Excerpts from a dataset:

◇ ◇ ◇ ◇

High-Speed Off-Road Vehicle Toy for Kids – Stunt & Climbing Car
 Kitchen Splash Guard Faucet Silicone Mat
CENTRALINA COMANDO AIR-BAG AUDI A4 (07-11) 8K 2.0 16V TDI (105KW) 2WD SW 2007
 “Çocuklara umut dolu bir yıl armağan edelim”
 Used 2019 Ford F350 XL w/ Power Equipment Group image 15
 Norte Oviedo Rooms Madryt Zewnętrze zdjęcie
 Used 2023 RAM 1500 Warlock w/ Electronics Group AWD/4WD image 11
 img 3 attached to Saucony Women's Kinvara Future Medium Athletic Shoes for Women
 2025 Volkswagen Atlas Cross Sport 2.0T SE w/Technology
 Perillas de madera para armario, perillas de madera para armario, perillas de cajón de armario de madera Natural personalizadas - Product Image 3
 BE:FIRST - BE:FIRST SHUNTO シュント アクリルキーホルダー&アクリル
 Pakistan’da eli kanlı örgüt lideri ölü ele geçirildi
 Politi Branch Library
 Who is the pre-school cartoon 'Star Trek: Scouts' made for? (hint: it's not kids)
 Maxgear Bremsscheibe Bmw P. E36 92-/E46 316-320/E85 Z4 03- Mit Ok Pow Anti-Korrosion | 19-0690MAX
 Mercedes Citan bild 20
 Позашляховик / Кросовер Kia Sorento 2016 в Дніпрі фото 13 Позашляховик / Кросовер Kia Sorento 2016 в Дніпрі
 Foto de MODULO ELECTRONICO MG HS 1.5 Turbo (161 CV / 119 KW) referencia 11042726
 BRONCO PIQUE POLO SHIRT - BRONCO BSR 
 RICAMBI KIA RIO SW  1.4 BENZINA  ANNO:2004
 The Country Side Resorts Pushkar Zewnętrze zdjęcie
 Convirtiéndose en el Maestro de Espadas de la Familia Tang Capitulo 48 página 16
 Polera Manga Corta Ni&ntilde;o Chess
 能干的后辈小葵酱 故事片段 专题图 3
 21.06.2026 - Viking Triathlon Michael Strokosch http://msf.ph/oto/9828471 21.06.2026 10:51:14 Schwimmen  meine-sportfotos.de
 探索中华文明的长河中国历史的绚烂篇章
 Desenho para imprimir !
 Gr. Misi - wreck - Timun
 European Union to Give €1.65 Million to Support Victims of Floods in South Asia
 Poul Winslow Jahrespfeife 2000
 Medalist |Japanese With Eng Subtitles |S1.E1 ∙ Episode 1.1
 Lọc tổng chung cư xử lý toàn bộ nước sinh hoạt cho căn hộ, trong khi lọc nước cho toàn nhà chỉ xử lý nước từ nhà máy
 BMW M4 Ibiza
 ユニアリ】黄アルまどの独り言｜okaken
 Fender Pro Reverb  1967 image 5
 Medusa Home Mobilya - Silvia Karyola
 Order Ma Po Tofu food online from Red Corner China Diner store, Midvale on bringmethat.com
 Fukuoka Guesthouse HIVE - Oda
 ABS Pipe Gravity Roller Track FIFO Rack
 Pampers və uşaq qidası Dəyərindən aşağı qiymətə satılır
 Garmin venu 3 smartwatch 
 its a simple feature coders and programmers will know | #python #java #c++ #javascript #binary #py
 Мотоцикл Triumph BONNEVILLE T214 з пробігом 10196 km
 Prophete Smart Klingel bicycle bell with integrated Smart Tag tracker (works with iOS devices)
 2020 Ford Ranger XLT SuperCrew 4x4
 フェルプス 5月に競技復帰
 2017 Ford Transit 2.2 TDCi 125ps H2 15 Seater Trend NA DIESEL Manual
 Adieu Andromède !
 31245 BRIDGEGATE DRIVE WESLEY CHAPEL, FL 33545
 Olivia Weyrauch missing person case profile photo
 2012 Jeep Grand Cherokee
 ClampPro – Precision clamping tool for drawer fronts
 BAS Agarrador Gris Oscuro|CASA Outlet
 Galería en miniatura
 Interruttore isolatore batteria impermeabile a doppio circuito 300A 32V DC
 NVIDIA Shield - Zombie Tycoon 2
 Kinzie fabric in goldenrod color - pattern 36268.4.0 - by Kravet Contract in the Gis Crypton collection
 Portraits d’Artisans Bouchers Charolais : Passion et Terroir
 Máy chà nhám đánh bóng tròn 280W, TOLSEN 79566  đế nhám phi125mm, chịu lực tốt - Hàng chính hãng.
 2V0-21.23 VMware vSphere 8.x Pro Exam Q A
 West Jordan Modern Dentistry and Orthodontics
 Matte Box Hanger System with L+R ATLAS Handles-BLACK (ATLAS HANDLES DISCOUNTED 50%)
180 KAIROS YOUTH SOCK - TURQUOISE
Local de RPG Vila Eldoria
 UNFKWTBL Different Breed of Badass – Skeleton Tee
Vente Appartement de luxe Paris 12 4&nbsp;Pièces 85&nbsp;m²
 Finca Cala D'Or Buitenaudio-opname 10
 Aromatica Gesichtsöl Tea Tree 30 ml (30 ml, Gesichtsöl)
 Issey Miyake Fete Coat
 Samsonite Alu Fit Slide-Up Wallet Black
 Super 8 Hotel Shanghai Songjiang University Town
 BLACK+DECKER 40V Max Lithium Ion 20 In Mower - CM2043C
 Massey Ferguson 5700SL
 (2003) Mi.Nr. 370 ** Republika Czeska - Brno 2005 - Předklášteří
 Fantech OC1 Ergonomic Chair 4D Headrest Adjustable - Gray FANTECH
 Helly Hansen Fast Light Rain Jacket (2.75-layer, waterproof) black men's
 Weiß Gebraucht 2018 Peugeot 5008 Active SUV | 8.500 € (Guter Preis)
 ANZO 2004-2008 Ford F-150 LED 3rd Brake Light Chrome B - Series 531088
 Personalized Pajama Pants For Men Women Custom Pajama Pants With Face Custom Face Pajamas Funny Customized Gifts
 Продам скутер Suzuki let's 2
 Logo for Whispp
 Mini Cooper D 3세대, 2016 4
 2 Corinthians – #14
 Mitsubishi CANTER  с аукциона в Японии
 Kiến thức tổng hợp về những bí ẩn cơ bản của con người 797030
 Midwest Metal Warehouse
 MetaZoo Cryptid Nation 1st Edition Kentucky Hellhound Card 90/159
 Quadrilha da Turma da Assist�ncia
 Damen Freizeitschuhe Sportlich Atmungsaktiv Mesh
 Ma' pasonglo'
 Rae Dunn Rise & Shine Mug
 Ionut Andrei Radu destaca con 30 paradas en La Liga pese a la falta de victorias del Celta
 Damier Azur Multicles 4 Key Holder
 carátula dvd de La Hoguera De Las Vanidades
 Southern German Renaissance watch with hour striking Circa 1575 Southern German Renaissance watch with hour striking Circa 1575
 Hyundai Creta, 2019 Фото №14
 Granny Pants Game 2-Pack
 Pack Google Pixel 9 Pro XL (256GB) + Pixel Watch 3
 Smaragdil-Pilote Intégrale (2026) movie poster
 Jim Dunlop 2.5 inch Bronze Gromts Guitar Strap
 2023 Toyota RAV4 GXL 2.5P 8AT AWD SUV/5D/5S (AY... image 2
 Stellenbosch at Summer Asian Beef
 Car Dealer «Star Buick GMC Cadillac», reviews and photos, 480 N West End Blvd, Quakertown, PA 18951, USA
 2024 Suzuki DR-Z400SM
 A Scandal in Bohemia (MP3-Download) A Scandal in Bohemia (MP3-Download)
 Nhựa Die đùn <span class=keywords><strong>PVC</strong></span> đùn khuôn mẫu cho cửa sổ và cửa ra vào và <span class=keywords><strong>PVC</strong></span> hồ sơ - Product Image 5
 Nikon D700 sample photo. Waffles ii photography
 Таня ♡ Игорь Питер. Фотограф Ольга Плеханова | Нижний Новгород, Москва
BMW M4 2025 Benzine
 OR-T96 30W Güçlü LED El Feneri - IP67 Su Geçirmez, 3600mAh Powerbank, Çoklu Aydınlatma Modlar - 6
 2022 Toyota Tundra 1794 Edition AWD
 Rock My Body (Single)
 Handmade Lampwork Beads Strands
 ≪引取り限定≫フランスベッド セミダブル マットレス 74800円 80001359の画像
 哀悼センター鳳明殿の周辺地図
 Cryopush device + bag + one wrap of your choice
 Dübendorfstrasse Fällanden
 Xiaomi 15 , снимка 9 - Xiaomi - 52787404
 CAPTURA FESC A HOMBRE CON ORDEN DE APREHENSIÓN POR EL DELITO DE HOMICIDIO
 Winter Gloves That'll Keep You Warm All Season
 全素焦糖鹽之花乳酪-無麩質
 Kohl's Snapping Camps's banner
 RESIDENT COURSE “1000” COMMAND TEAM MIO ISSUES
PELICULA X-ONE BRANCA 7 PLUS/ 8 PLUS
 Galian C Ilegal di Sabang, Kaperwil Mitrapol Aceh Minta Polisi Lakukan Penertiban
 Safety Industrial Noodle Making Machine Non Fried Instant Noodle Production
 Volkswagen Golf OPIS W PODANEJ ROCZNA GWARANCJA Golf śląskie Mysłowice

◇ ◇ ◇ ◇

In the records above, find the line containing "2025 Volkswagen Atlas" and restate word for word every line from the first through that one.

High-Speed Off-Road Vehicle Toy for Kids – Stunt & Climbing Car
 Kitchen Splash Guard Faucet Silicone Mat
CENTRALINA COMANDO AIR-BAG AUDI A4 (07-11) 8K 2.0 16V TDI (105KW) 2WD SW 2007
 “Çocuklara umut dolu bir yıl armağan edelim”
 Used 2019 Ford F350 XL w/ Power Equipment Group image 15
 Norte Oviedo Rooms Madryt Zewnętrze zdjęcie
 Used 2023 RAM 1500 Warlock w/ Electronics Group AWD/4WD image 11
 img 3 attached to Saucony Women's Kinvara Future Medium Athletic Shoes for Women
 2025 Volkswagen Atlas Cross Sport 2.0T SE w/Technology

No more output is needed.